[Your objective] The answer is an exact copy of the lines from the one with "King slots 777" to the end of the listing below, pictures left out.
/---
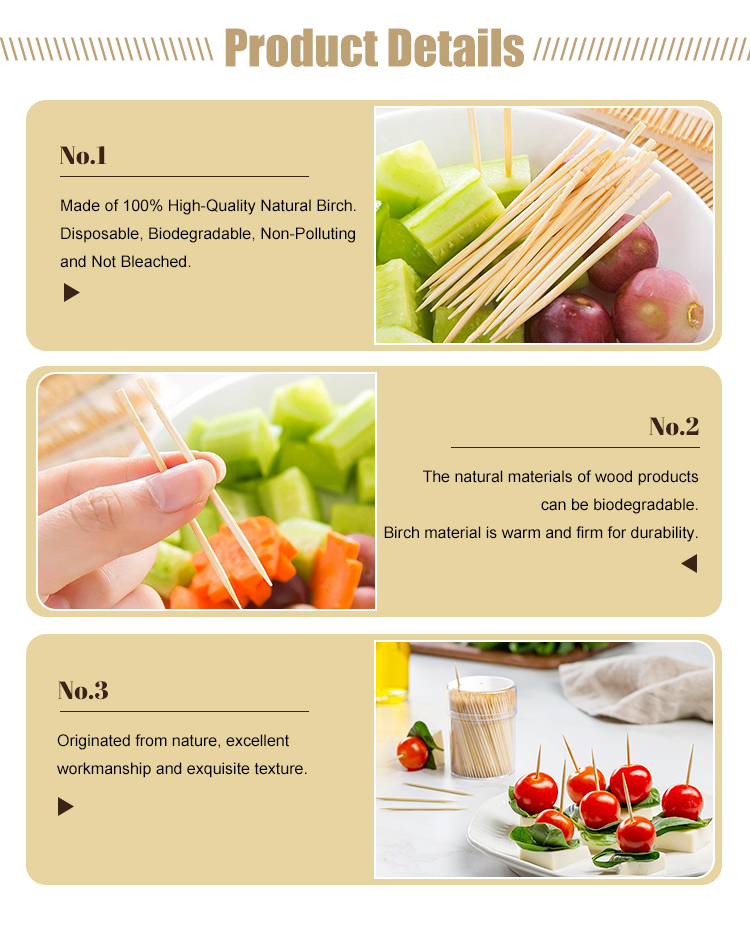 Wooden Toothpicks for Sandwiches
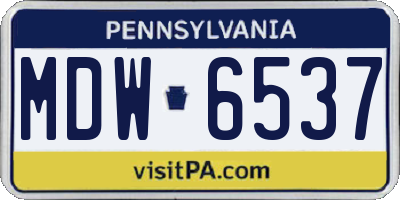 PA license plate MDW6537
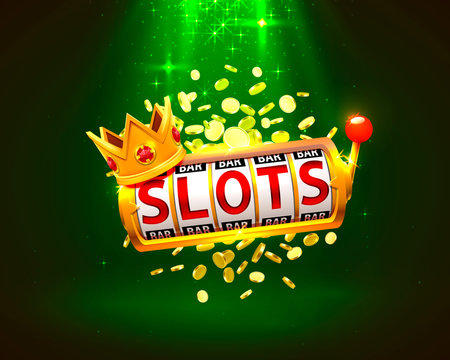 King slots 777 banner casino on the green background. Vector 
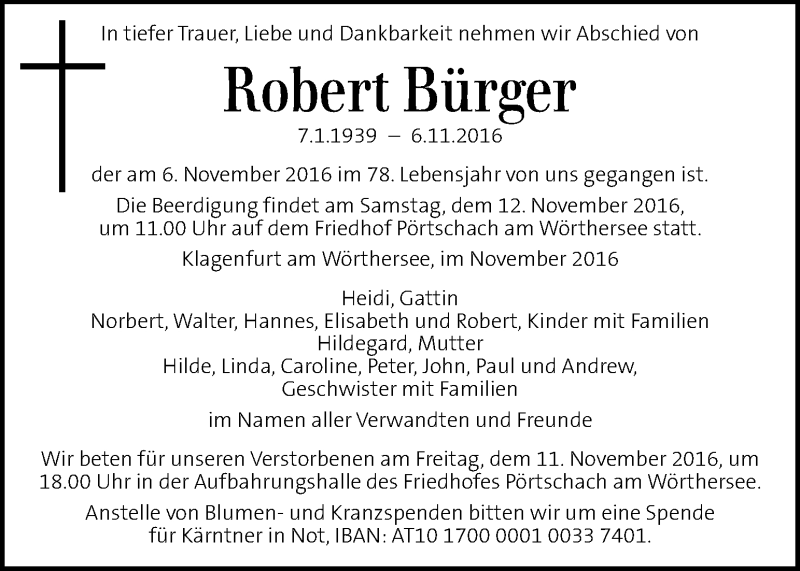  Traueranzeige für Robert Bürger vom 09.11.2016 aus Kleine Zeitung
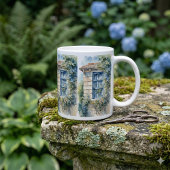Mug Blue Window Stone Wall Cottage Vines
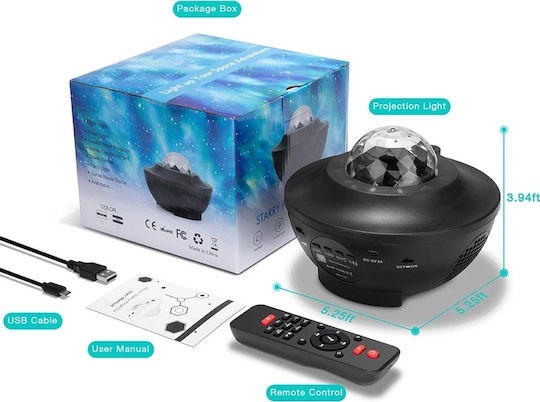 Andowl Led Παιδικό Φωτιστικό Projector Starry με Προβολή Αστεριών Μαύρο 11x11x16εκ.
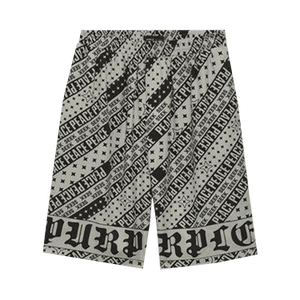 PURPLE BRAND Flag Bandana Shorts 'Grey'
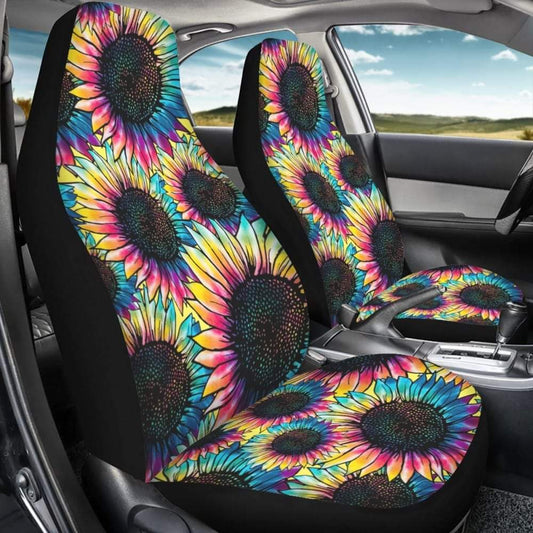 Tie dye Sunflower Car Seat Covers, Car Matts, or Sunshade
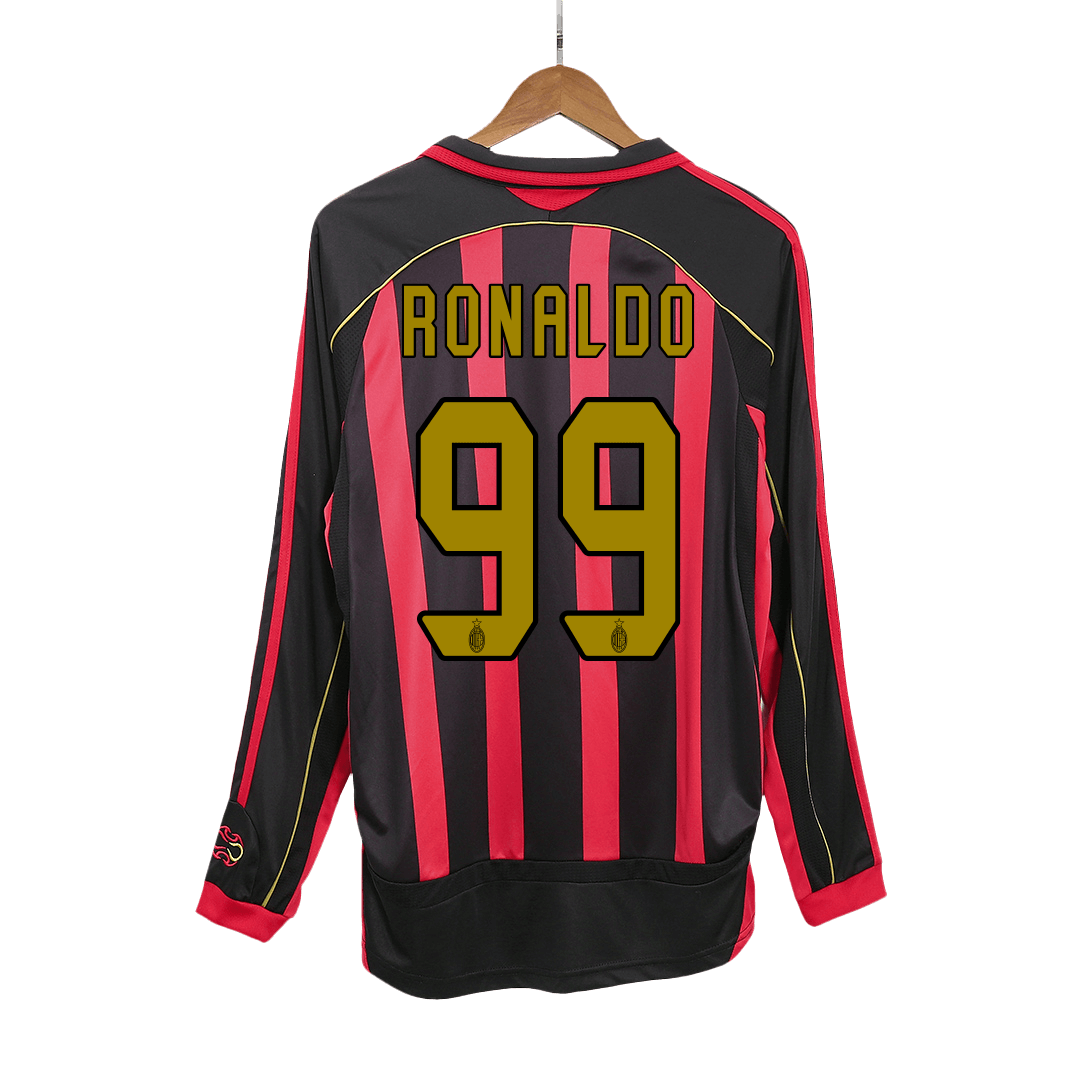 Retro RONALDO #99 2006/07 AC Milan Home Long Sleeve Soccer Jersey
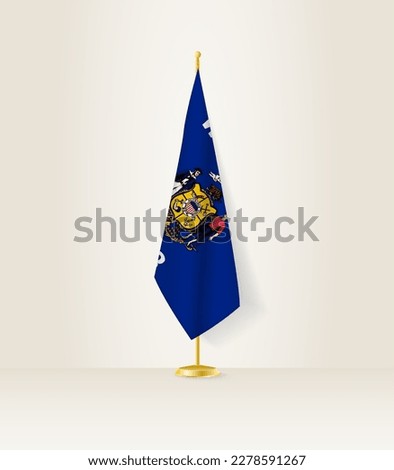 Wisconsin flag on a flag stand. Vector illustration.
\---
[Result for this exercise]
 King slots 777 banner casino on the green background. Vector 
  Traueranzeige für Robert Bürger vom 09.11.2016 aus Kleine Zeitung
Mug Blue Window Stone Wall Cottage Vines
 Andowl Led Παιδικό Φωτιστικό Projector Starry με Προβολή Αστεριών Μαύρο 11x11x16εκ.
 PURPLE BRAND Flag Bandana Shorts 'Grey'
 Tie dye Sunflower Car Seat Covers, Car Matts, or Sunshade
 Retro RONALDO #99 2006/07 AC Milan Home Long Sleeve Soccer Jersey
 Wisconsin flag on a flag stand. Vector illustration.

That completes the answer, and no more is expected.